ロイ:「カースト制度の廃止」は、アンベードカルが実際には行わなかった演説のテキストです。これは1936年に出版されました。アンベードカルはこの中でヒンズー教を非難し、世界で最も野蛮で、卑属的な階級的社会制度であるヒンズー的カースト制度を攻撃しています。とても扇動的な文章です。これを書くちょっと前にアンベードカルは、自分はヒンズー教徒として生まれはしたが、ヒンズー教徒としては死ぬ気はない、と公に宣言しました。「カースト制度の廃止」は、なぜヒンズー教から離れなければいけないかということを説いたものなのです。ガンジーはこれに答えました。

ツァイト紙:そしてカースト制度を弁護したのですね。どの人間の職業も社会的地位も、生まれたときから決まっている、そういうシステムを、自分では逃れることのできない運命として定められている社会制度を。

ロイ:ええ、そうなのです。ガンジーがカースト制度や南アフリカの人種問題に対して持っていた考えを、私は追跡してみました。彼は1893年から20年間も南アフリカに住んでいたのです。インドに住んでいる私たちは皆、ガンジーがどのように政治的に目覚めたかという話を教え込まれて育っています。彼がピーターマリッツバーグで、白人専用の車両へ乗車することを拒否され、追い出されてしまった、という話です。でも、これは話半分でしかありません。

ツァイト紙:ではそのもう半分は?

ロイ:ガンジーは人種の隔離について怒ったわけではなかったのです。本当の話はこうです。彼がどうして白人専用の車両に座っていたかというと、彼は、上流階級出身の金持ちのインド人は、Kaffir と一緒の車両に座って旅をするべきではないと信じていたからです。彼は黒人のことをいつもKaffir(南アで黒人を表す蔑称)と呼んでいたのです。そのことを頭ではっきり認識するのは、ちょっとショックなことでした。自分の文章では、ガンジーが1893年から1946年までに書いた文章を引用するにとどめました。かなりショッキングな軽蔑さ加減で、彼はアフリカの黒人、インドの農奴、不可触賎民、労働者や女性のことを書いています。南アフリカで過ごした20年間のほとんどを、彼は白人政権との友好関係を得ようと努めることに費やし、イギリス人と「帝国主義的同胞愛」を望む、という宣言までしているのです。

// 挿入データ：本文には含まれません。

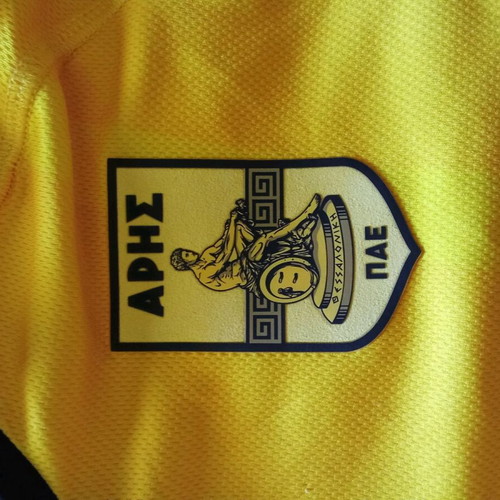Aris Thessaloniki Kappa Kombat Jersey Large No 2 like new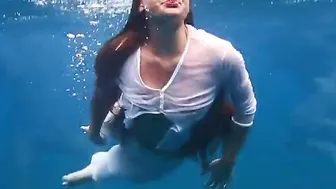 Freeloaders - Hot Babes in Bikinis Showing Off Their Bods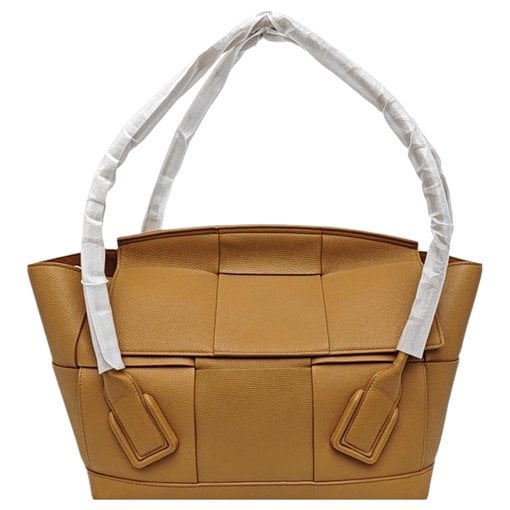 Bottega Veneta Arco leather handbag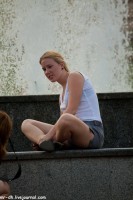 девушка сидит у фонтана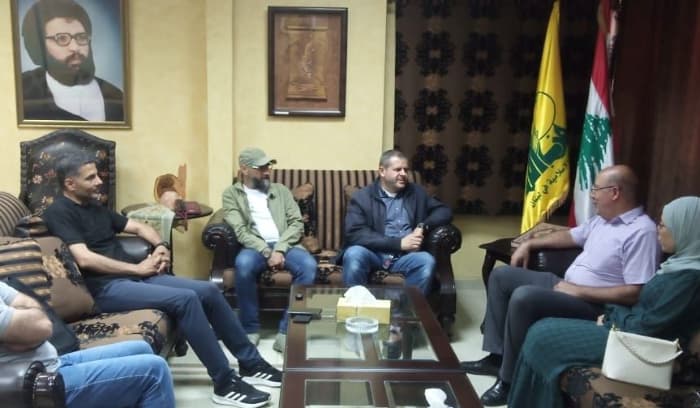 حزب الله استقبل وفود جمعيات أهلية.. ووفد من قطاع صيدا جال مهنئا بالأضحى حزب الله استقبل وفود جمعيات أهلية.. ووفد من قطاع صيدا جال مهنئا بالأضحى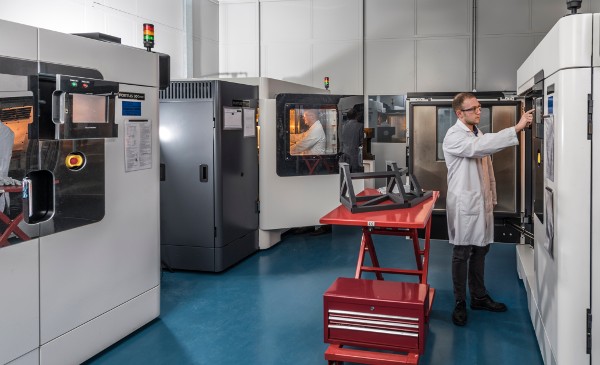 BAE Systems instala su cuarta impresora 3D F900 de Stratasys para apoyar la iniciativa de "fábrica del futuro"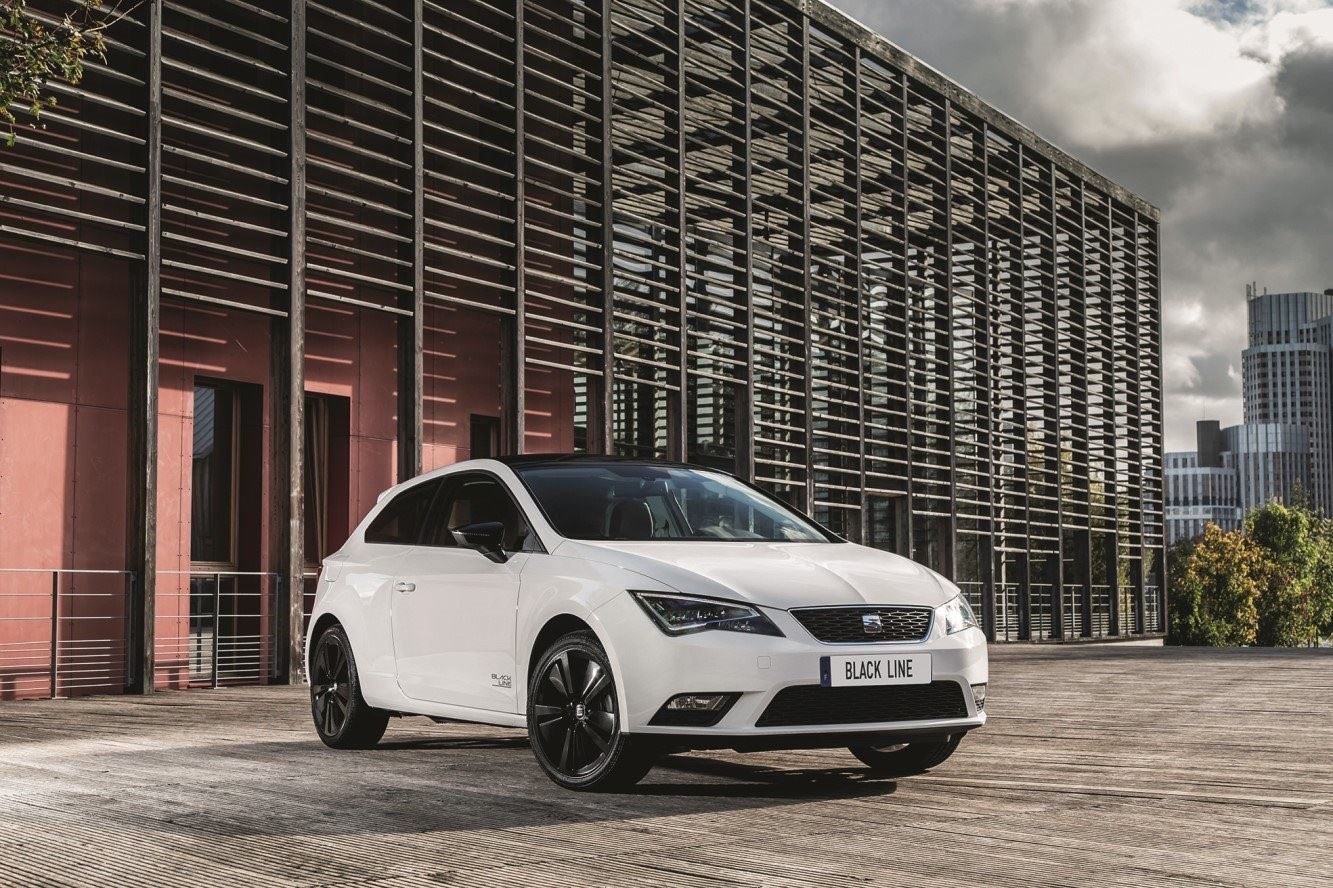Seat leon sc et ibiza black line l exclusivite par les contrastes 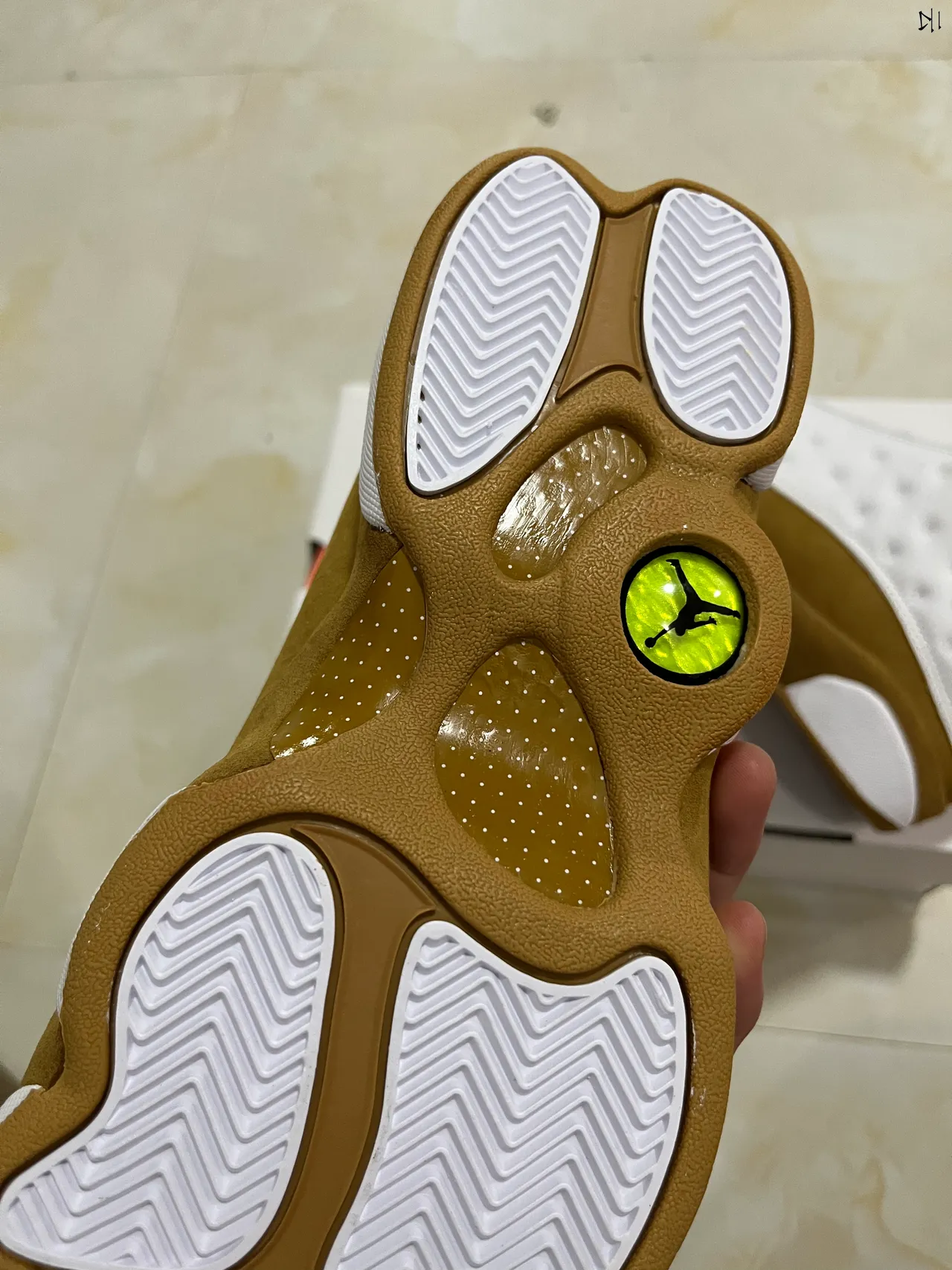 حذاء كرة السلة Air Jordan 13 المبطن باللونين الأبيض والبني الفاتح 9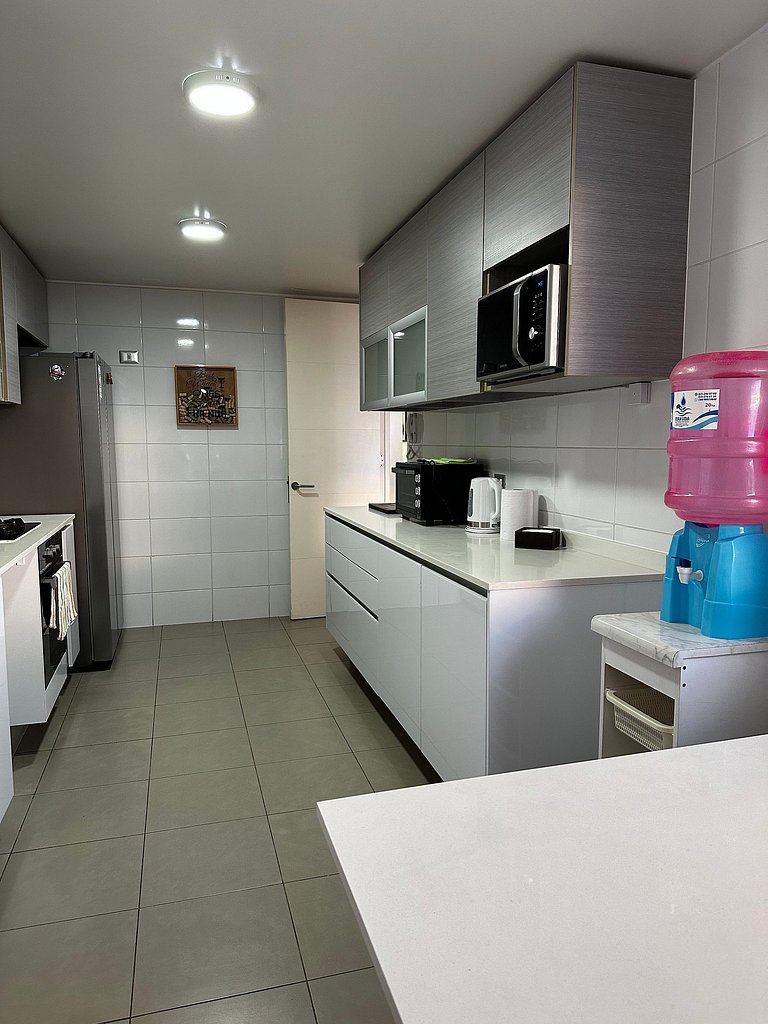 Amplio y Cómodo departamento en Playa Brava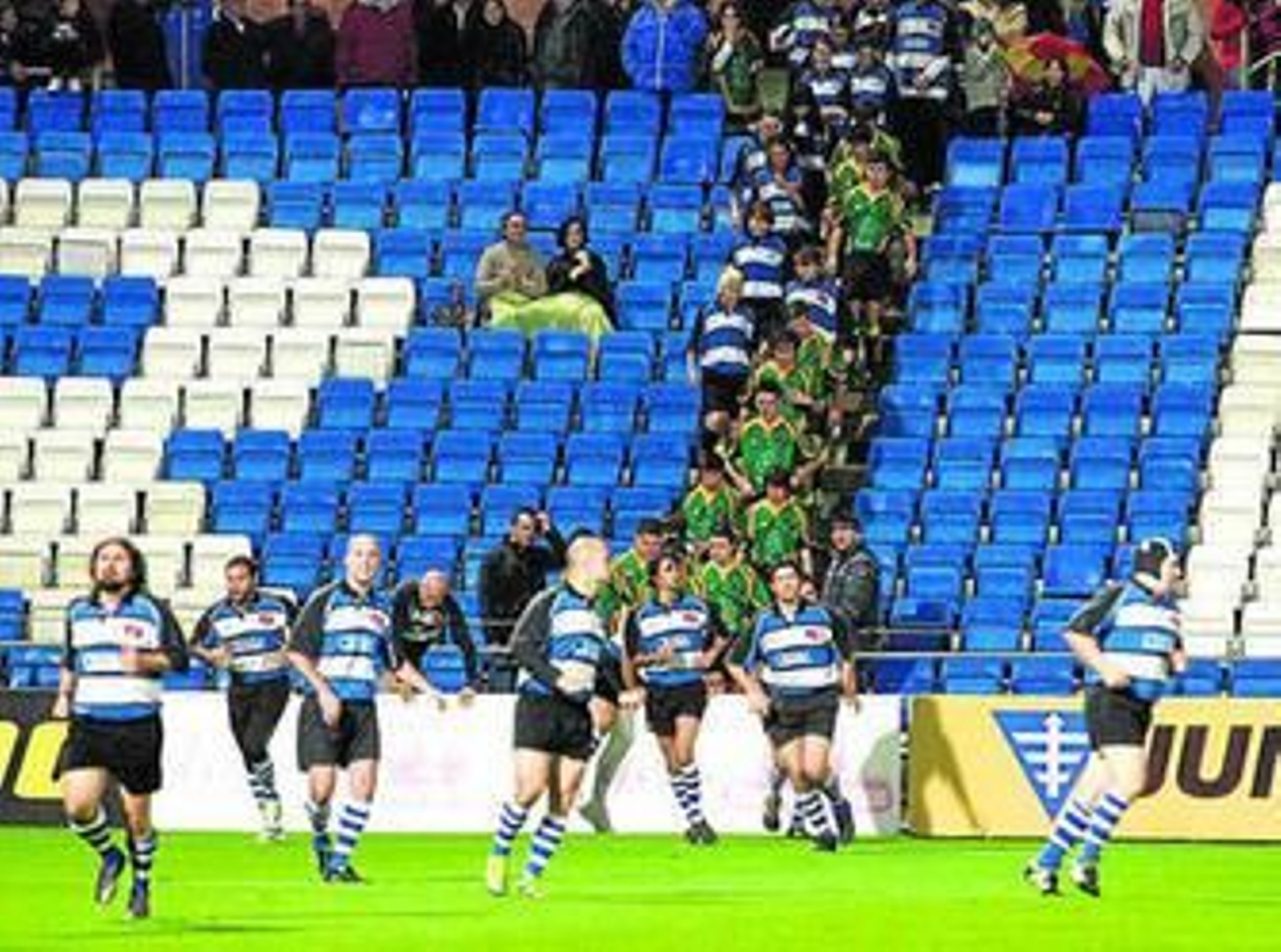 Los integrantes del Bifesa-Tartessos saltan al terreno de juego del Nuevo Colombino el pasado sábado.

ツァイト紙:それで、ガンジーはインドに帰ってくると、この考え方をインドに適用し、カースト制度の保護者となったというわけですか?

ロイ:もちろん、彼の人種に関する考えが、本当にカーストに関する考えの基本となっていたかということは簡単にはいえません。彼は、カーストの原理に支配された社会で生まれ育ってきていたわけですから。でも、彼の人種とカーストに対する考えは、際立って保守的です。彼は「時代の子だった」とすら言えないのです。というのは、彼と同世代の人たち、インド人であれ、他の国の人であれ、アンベードカルやジョティバ・プーレなど、ずっと進歩的な人たちもいたからです。ガンジーは本来、私が文句なしに惹きつけられる、という人物ではありませんでした。私は信心深さや純粋性を特別良しとしませんが、彼はそれに取り付かれていました。彼に善良な「変わり者」というレッテルを貼るのすら、難しいのです。それにはかなり、たちの悪いものが邪魔をしているからです。単に非暴力の抵抗、禁欲、山羊の乳、自ら紡いだ木綿、というレベルの問題ではないのです。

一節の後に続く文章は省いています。